### Your assignment
For the entries below, copy exactly the line that contains "Resin,Casting,Molds,Silicone,Pendant,Jewelry,Mould" through the line that contains "HOTEL STARÝ PIVOVAR Praha", both ends included, and exclude all pictures.

### Material supplied
==*==
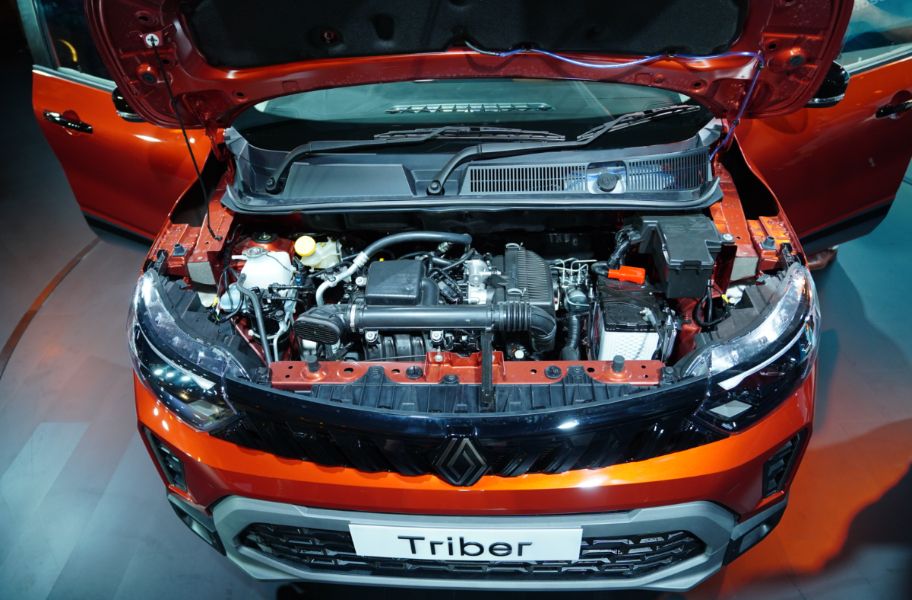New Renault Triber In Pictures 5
==*==
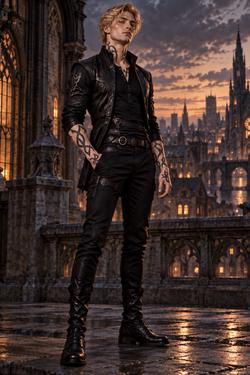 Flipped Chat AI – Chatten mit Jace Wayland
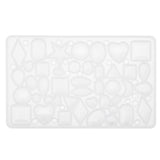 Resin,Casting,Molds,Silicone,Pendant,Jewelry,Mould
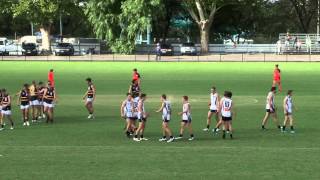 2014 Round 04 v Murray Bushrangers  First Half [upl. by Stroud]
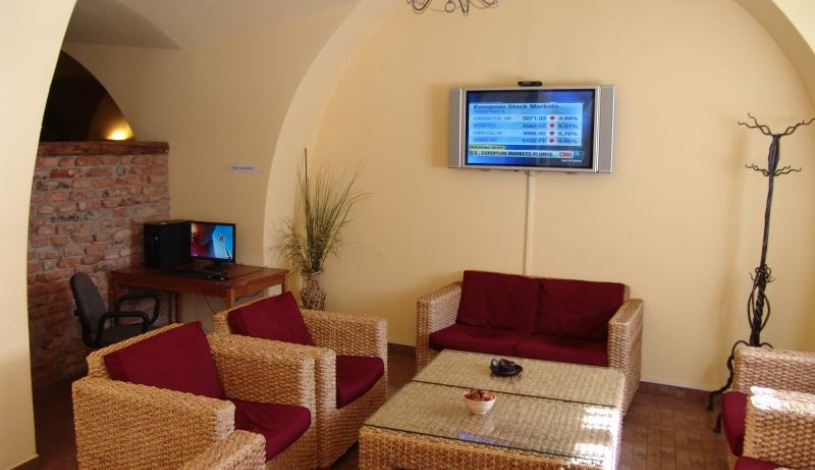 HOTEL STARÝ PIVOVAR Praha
==*==
### Written answer
 Resin,Casting,Molds,Silicone,Pendant,Jewelry,Mould
 2014 Round 04 v Murray Bushrangers  First Half [upl. by Stroud]
 HOTEL STARÝ PIVOVAR Praha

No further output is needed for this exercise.